Docling to the rescue

It started with a seemingly straightforward request from an enterprise client: digitize their manual contract management workflow. The task? Ingest massive PDF documents-often exceeding 1,000 pages of dense legal and business norms-and extract specific actionable pointers.
For a human, this process is grueling, often taking anywhere from two days to a couple of weeks per document depending on complexity. The goal was to replace this bottleneck with an intelligent system capable of ingesting these complex documents, identifying key topics, self-validating the findings, and presenting them in a structured, user-friendly format.
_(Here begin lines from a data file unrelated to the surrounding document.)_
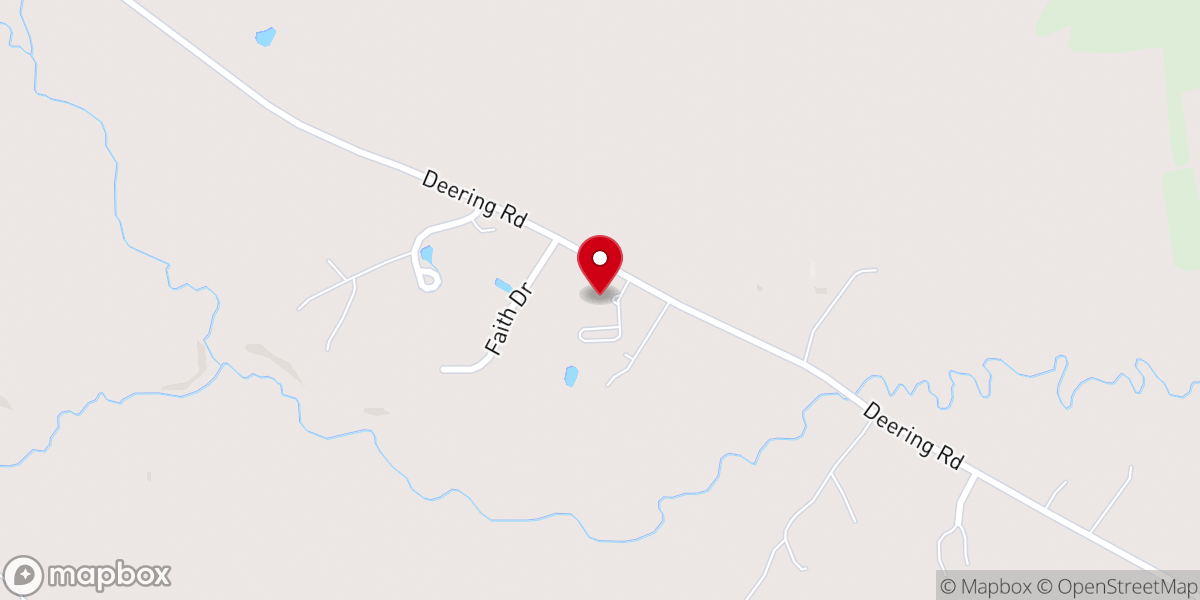 Map showing location of Grace Bible Church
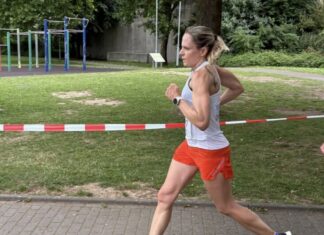 Stefanie Lienemann ging für den TuS auf die Strecke. Foto: TuS 08 Lintoprf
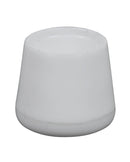 Plastfot Utvändig 18-19mm Vit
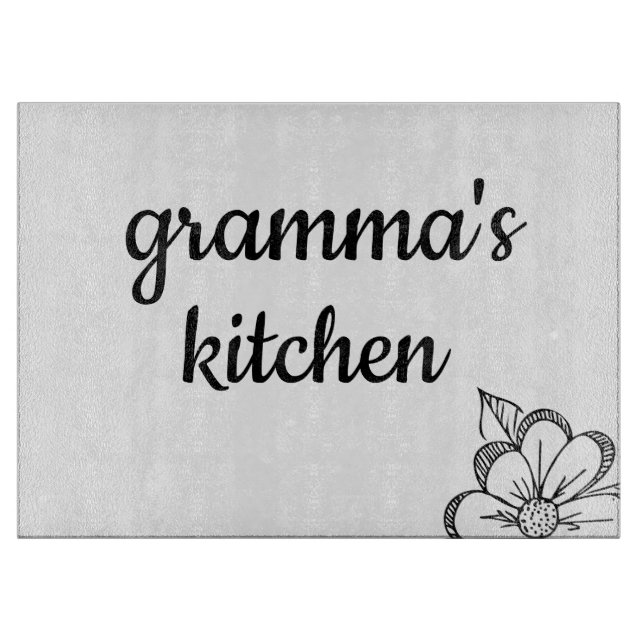 My Kitchen Floral Cutting Board (Front)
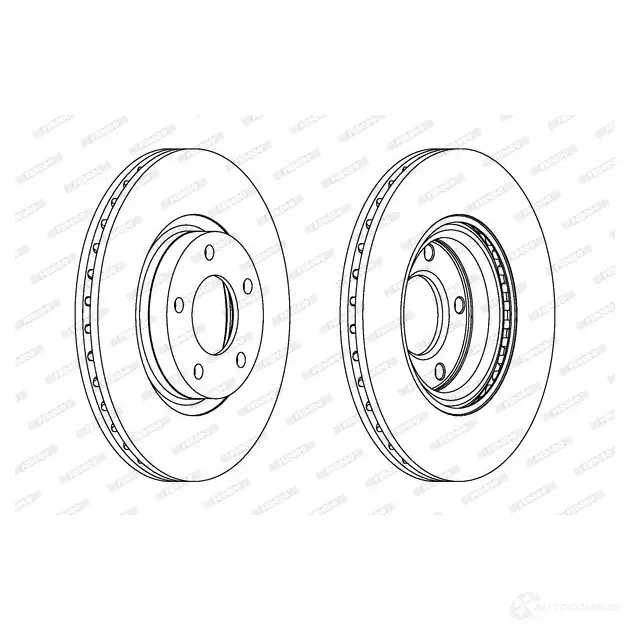 Тормозной диск FERODO DDF1312C 1193639110 Z9AI1 D DF1312C изображение 0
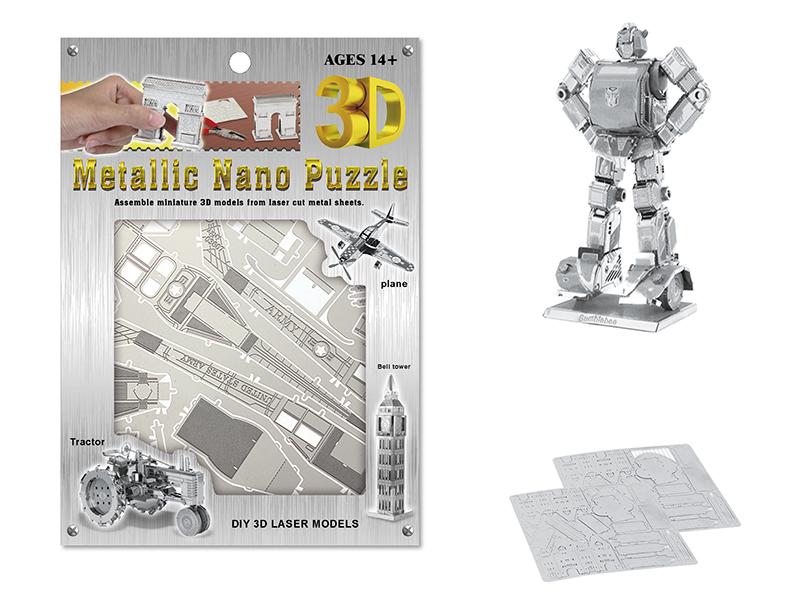 Stainless Steel  Bumblebee 3D Puzzle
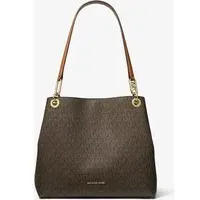 Michael Kors MK Shopper Kensington Large Mit Signature-Logomuster - Braun - Michael Kors - ONE SIZE
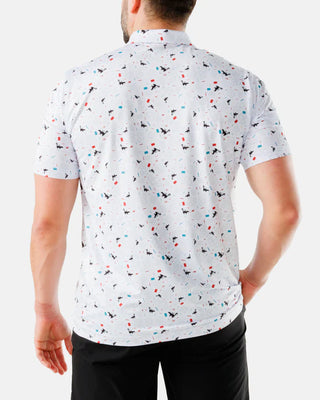 Waggle Cribbage Men's Polo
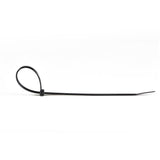 StarTech.com 10"(25cm) Cable Ties - 1/8"(4mm) wide, 2-5/8"(68mm) Bundle Diameter, 50lb(22kg) Tensile Strength, Nylon Self Locking Zip Ties w/ Curved Tip - 94V-2/UL Listed, 100 Pack - Black - TAA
In this post, I will focus on the most critical component of this system: the ingestion pipeline. My initial instinct was standard: convert PDF to text, chunk it, embed it, and store it in a vector database-a traditional RAG (Retrieval-Augmented Generation) architecture. It sounded simple enough. But as I soon discovered, when dealing with real-world enterprise documents, "simple" is rarely sufficiently robust.
Constraints
As this was an enterprise client project dealing with highly sensitive contract data, two non-negotiable constraints shaped every architectural decision:
- Zero Data Exfiltration: No data could leave their VPC. This ruled out all cloud-based AI APIs (OpenAI, Anthropic, etc.) and managed vector databases (Pinecone, Weaviate Cloud).
- Infrastructure Simplicity: The client's IT team wanted to minimize the "learning tax" of new infrastructure. They were comfortable with Docker and Postgres but wary of managing new, niche NoSQL databases just for a "pilot project."
The Problem
I started with standard libraries like PyPDF2. While lightweight, they treat PDFs as a linear stream of characters, completely ignoring visual layout. A two-column page becomes a jumbled mess of merged sentences, and tables are flattened into meaningless strings of numbers. They were non-starters for complex legal documents.
My next attempt using unstructured (as shown below) worked better, especially for digital-native PDFs.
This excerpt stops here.